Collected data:
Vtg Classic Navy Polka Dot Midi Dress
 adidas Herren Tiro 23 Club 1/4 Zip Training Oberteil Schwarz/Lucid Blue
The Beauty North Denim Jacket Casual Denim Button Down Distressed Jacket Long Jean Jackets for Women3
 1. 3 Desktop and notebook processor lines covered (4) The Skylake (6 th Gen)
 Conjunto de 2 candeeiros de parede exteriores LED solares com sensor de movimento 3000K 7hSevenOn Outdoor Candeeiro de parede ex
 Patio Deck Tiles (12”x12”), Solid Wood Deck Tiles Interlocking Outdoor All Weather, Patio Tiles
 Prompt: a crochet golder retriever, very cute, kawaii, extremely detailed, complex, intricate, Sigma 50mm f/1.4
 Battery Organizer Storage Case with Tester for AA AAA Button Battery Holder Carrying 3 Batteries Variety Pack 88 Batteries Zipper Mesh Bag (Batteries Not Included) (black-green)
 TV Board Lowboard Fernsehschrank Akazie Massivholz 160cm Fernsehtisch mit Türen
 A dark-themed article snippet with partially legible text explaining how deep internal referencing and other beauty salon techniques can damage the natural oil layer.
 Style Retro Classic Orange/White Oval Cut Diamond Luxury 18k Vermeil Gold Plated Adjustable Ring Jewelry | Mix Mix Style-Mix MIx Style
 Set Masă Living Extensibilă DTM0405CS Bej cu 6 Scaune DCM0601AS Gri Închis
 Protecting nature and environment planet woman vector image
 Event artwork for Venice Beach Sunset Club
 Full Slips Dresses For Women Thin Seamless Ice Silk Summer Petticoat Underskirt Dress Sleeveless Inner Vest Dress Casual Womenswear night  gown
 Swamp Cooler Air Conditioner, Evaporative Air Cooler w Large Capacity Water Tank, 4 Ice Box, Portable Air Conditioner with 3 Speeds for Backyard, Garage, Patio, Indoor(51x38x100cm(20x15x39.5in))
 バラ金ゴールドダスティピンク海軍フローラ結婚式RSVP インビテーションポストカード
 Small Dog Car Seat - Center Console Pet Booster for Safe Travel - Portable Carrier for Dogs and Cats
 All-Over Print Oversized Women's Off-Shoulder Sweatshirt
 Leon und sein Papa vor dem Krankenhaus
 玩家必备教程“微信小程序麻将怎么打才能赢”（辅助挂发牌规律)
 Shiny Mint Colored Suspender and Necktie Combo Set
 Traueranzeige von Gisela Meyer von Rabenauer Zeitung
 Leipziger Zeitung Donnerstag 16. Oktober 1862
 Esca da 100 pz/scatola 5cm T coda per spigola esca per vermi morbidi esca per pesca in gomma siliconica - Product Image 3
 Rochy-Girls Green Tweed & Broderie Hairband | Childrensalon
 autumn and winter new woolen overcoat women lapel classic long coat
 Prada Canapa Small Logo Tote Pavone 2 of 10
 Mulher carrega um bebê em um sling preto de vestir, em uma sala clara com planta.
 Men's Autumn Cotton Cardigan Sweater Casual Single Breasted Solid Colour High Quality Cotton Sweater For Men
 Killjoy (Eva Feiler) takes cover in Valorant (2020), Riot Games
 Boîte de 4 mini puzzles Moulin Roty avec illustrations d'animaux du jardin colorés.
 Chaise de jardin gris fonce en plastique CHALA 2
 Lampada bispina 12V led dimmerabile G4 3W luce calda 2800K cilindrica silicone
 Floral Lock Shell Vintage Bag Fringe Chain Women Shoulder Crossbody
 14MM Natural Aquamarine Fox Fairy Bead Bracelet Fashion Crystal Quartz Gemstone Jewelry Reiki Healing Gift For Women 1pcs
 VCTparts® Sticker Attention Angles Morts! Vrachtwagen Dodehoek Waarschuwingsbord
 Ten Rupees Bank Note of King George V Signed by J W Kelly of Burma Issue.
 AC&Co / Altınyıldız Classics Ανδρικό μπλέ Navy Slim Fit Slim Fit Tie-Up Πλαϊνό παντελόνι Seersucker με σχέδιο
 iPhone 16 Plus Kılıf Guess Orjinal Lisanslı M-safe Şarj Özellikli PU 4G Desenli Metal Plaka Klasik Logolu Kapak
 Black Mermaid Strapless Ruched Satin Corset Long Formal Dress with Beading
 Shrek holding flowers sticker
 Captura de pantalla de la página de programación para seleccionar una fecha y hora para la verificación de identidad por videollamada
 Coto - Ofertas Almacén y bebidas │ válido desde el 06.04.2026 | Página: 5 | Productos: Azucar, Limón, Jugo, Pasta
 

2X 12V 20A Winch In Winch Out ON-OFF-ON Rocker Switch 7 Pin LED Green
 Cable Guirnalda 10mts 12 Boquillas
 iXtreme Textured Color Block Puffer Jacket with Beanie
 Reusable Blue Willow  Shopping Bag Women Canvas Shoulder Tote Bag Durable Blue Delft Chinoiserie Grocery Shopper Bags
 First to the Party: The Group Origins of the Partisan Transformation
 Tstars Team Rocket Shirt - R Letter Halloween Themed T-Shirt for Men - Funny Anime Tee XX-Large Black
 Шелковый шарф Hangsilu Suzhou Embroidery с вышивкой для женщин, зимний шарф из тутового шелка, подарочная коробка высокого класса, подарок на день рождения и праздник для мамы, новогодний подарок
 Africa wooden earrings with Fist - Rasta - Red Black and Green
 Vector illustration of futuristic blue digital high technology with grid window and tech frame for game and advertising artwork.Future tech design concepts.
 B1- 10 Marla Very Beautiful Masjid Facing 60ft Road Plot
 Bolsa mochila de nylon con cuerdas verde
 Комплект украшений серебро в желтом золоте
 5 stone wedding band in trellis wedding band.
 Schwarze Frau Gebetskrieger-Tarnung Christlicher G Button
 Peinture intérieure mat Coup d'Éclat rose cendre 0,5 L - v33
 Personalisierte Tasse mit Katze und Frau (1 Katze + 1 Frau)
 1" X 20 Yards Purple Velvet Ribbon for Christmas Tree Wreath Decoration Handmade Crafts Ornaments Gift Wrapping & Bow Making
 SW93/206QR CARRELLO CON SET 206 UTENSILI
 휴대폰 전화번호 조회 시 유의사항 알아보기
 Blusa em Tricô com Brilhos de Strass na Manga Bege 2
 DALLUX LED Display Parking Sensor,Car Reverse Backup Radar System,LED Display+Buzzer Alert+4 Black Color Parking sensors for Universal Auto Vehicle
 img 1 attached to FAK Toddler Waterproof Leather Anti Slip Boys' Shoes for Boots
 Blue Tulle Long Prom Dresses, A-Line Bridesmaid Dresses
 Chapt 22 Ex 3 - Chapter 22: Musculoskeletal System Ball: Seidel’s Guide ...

PROBLEM TO WORK ON: Look through the entries above and quote exactly the lines from the line with "VCTparts® Sticker Attention" to the line with "Shrek holding flowers sticker", counting both of those lines.

REPLY:
 VCTparts® Sticker Attention Angles Morts! Vrachtwagen Dodehoek Waarschuwingsbord
 Ten Rupees Bank Note of King George V Signed by J W Kelly of Burma Issue.
 AC&Co / Altınyıldız Classics Ανδρικό μπλέ Navy Slim Fit Slim Fit Tie-Up Πλαϊνό παντελόνι Seersucker με σχέδιο
 iPhone 16 Plus Kılıf Guess Orjinal Lisanslı M-safe Şarj Özellikli PU 4G Desenli Metal Plaka Klasik Logolu Kapak
 Black Mermaid Strapless Ruched Satin Corset Long Formal Dress with Beading
 Shrek holding flowers sticker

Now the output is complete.